Print, exactly as they appear in the listing below, the lines from the line with "Honda Civic Lx" to the line with "Icy Ash Brown", with both end lines kept.

- [RECORDS FOR THIS EXERCISE]
►

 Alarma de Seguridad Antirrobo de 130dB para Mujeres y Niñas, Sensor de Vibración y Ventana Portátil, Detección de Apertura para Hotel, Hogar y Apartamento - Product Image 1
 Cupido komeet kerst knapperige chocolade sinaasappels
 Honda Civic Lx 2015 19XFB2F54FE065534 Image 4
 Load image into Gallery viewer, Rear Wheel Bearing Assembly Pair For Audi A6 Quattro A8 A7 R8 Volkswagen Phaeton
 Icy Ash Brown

◄
►

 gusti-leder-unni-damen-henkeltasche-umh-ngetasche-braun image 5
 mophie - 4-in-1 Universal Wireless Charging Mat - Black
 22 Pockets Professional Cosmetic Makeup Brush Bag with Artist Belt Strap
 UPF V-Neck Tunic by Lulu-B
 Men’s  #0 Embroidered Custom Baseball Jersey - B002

◄
►

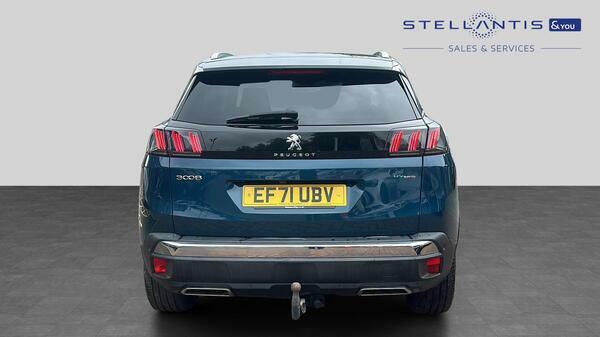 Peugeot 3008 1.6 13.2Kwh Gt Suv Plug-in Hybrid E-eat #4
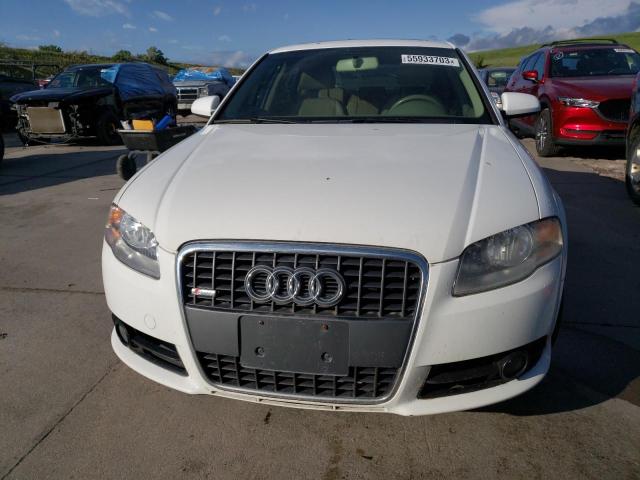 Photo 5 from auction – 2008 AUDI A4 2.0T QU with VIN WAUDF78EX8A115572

◄

- [RESULT OF THE TASK]
 Honda Civic Lx 2015 19XFB2F54FE065534 Image 4
 Load image into Gallery viewer, Rear Wheel Bearing Assembly Pair For Audi A6 Quattro A8 A7 R8 Volkswagen Phaeton
 Icy Ash Brown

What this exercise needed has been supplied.